◆ Work to complete:
Which lines of the data hold the word "weather"? Copy all of them.
##########
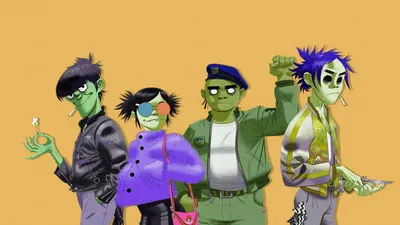 Купить Картина Gorillaz | RedPandaShop.
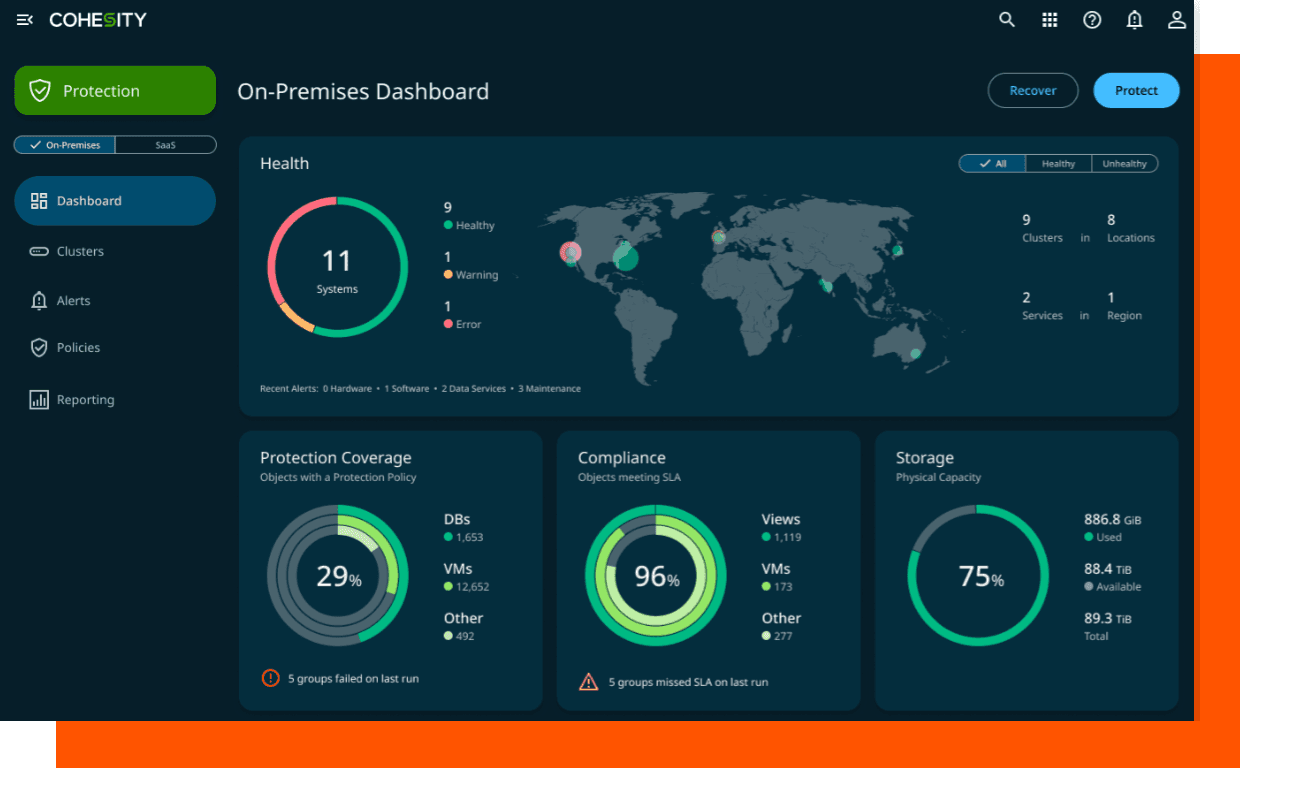 Cohesity screenshot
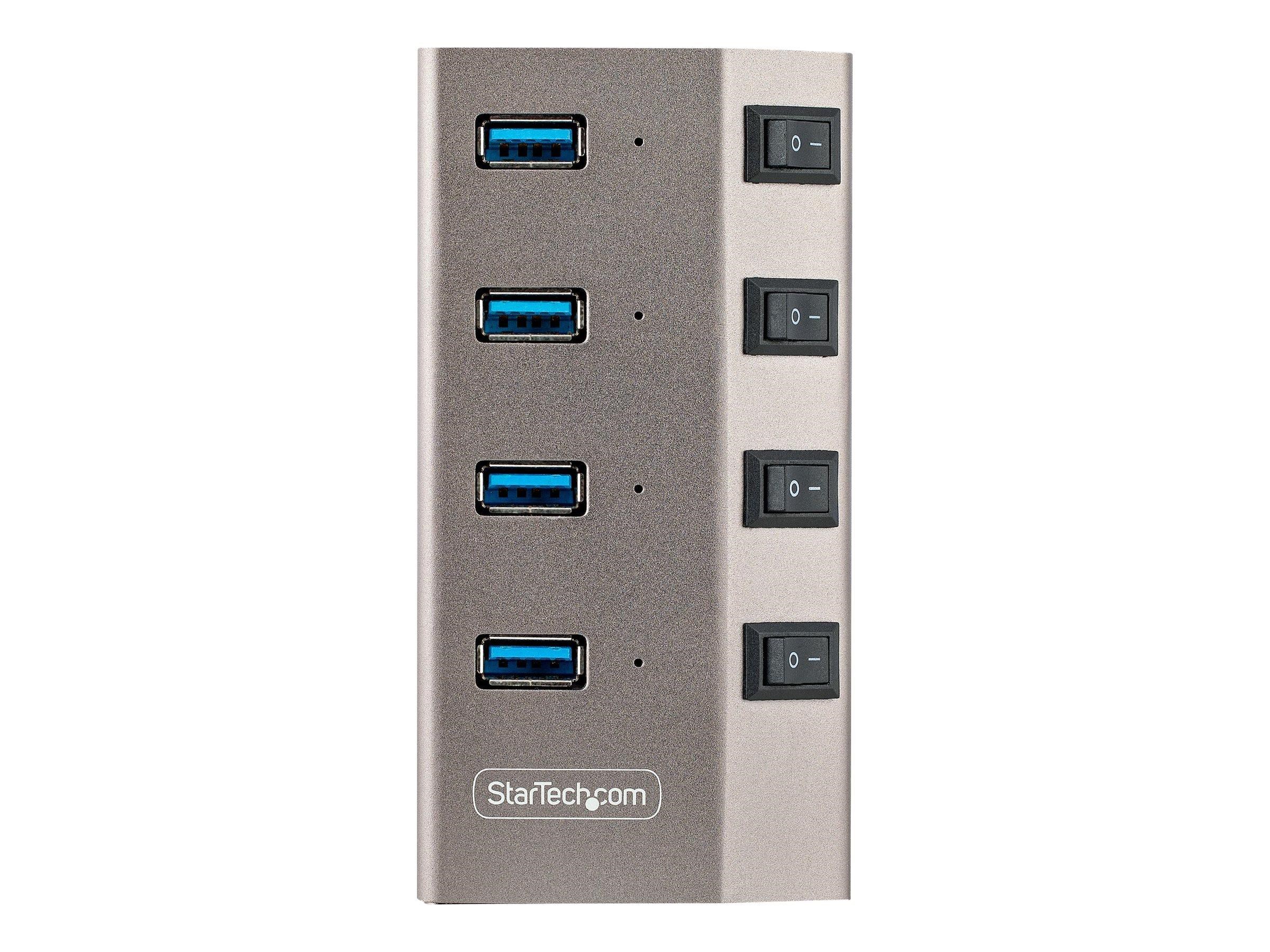 StarTech.com 5G4AIBS-USB-HUB-EU USB hub - 4 ports - Grå Usb Hub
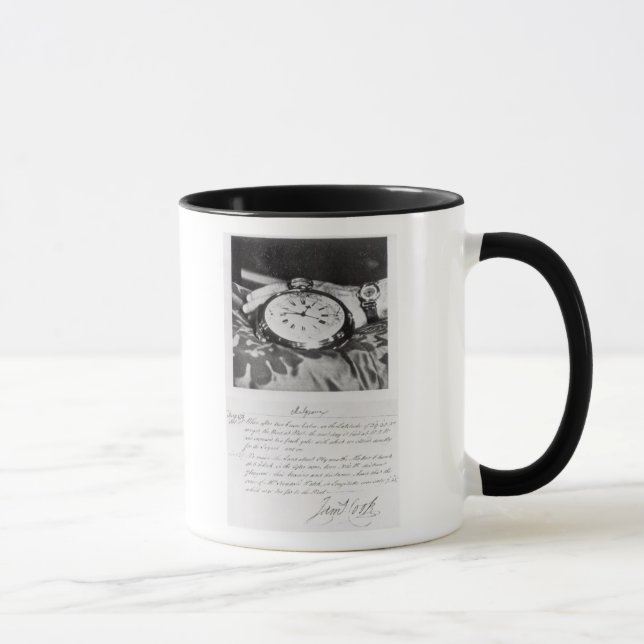 Facsimile of the Pocket Chronometer Mug (Right)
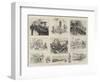 Sketches at the Gordon Memorial Boys' Home, Fort Wallington, Portsmouth-null-Framed Giclee Print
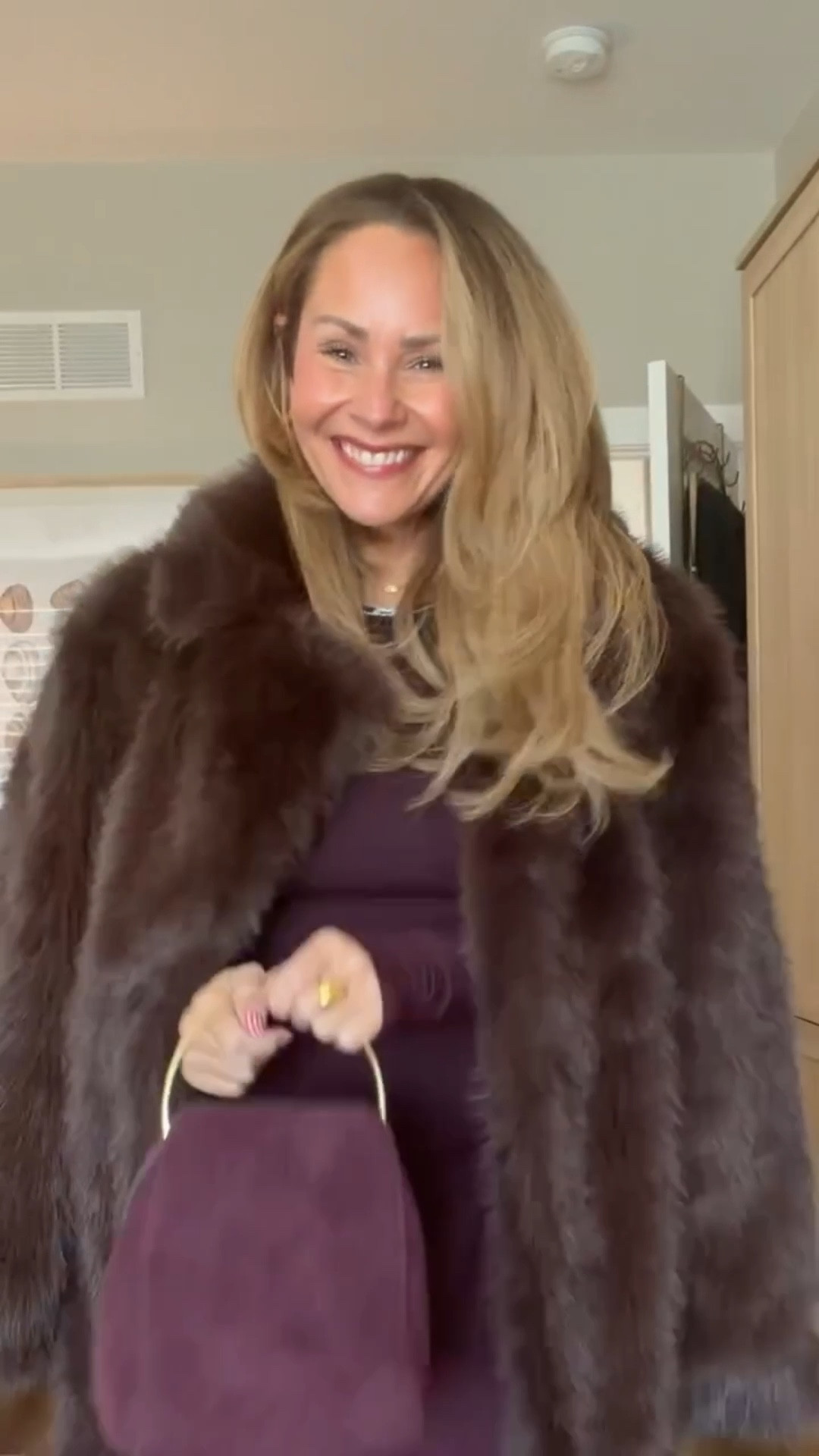 Winter dresses are back thanks to these fleece-lined tights ❄️
They look like sheer tights but feel warm like leggings — perfect for styling dresses in cold weather. Linking my favorite fleece-lined tights + this winter-ready dress 🤍

fleece lined tights, winter dress outfit, cold weather outfit, dress with tights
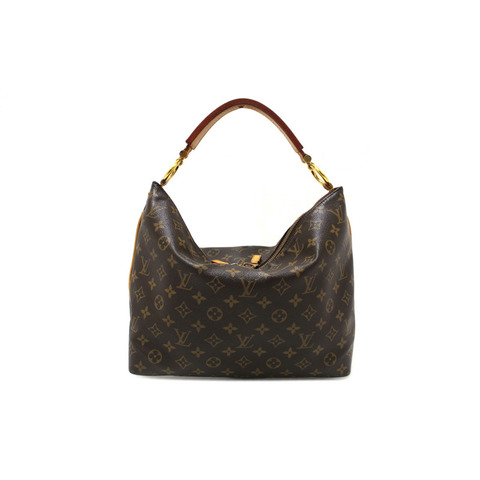 Louis Vuitton Classic Monogram Canvas Sully PM Hobo Bag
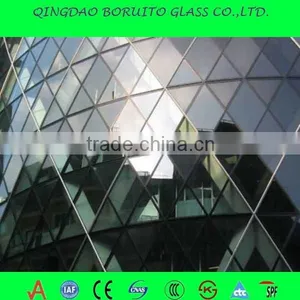Hot Sale 4mm 5mm 6mm Light Grey Reflective Float Glass Price thumbnail-1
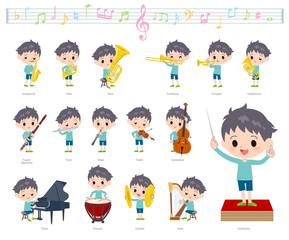 blue clothing boy_classic music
##########
◆ Exercise answer:
They look like sheer tights but feel warm like leggings — perfect for styling dresses in cold weather. Linking my favorite fleece-lined tights + this winter-ready dress 🤍
fleece lined tights, winter dress outfit, cold weather outfit, dress with tights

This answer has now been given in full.